Some 18.9 million people passed through its four terminals during the first three months of the year.

This was a year-on-year increase of 3.7%, which the west London airport said was because it “temporarily absorbed demand from elsewhere”.

About half a million passengers per day usually use airports in Dubai, Doha or Abu Dhabi, which are vital hubs for travel between Europe and the continents of Asia and Australia.

Airspace closures following the outbreak of the war in the Middle East on February 28 had a major impact on air travel.

Much of the region’s airspace has since reopened, but many people are avoiding flying there because of the war.

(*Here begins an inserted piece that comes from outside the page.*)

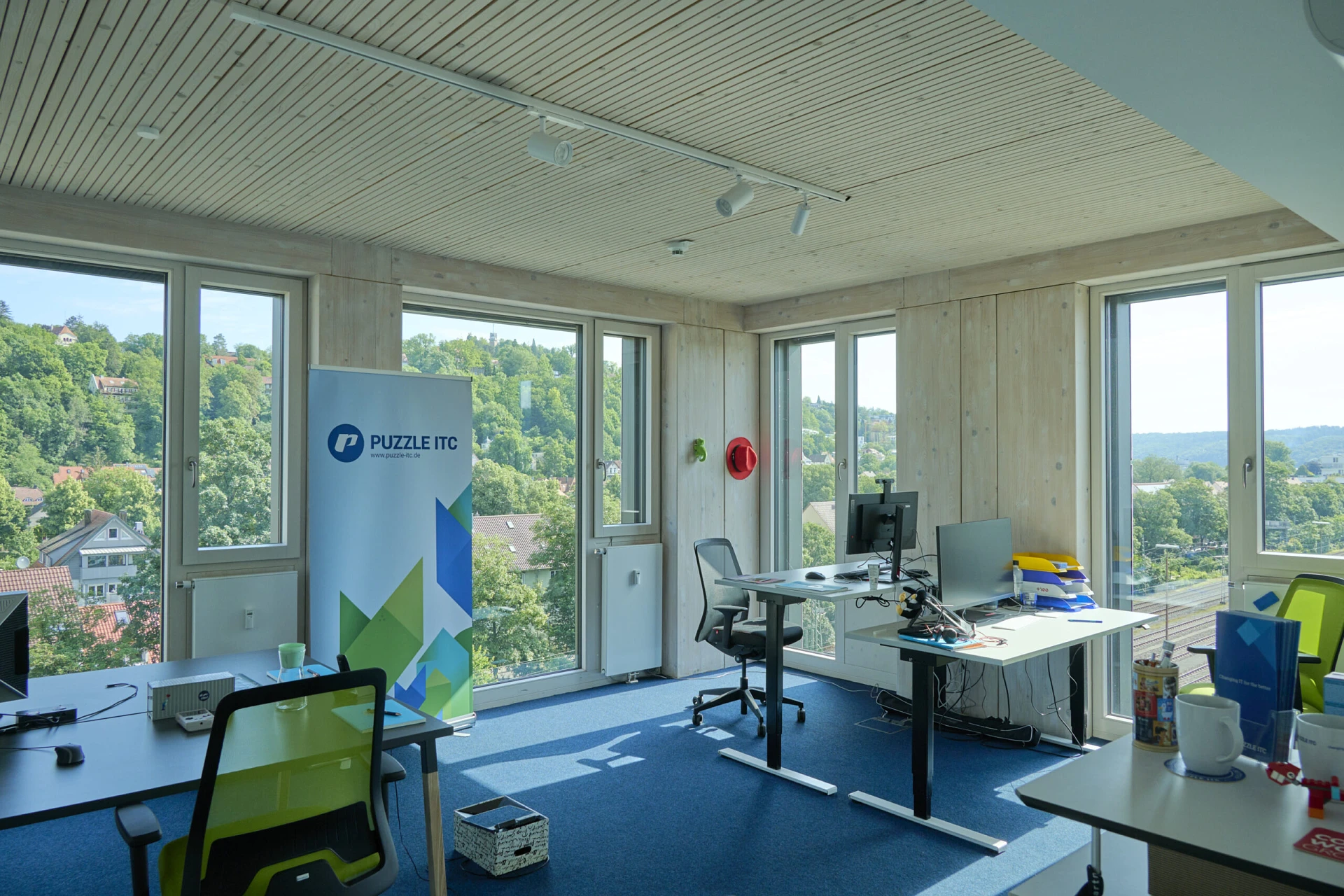 _DSC1640 Bild Büro Tübingen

In a trading update, Heathrow said: “While Heathrow has temporarily absorbed demand from elsewhere, passenger numbers for the rest of the year are likely to be impacted whilst there is significant uncertainty in the Middle East.”

Meanwhile, Sally Ding, Heathrow’s chief financial officer, declared the airport is ready to go ahead with its plan to build a third runway “with the right regulatory framework and Government policy in place”.

She said Heathrow is currently “full”, which means “fewer choices and higher fares for passengers, and missed opportunities for the UK economy”.

Heathrow’s first-quarter revenue increased by 2.3% from a year ago to £844 million, amid rises in passenger numbers, food and beverage sales and uptake of premium services.

But its adjusted operating costs were 6.5% higher, driven by an uptick in wages and national insurance payments, IT investments and the number of passenger requiring support.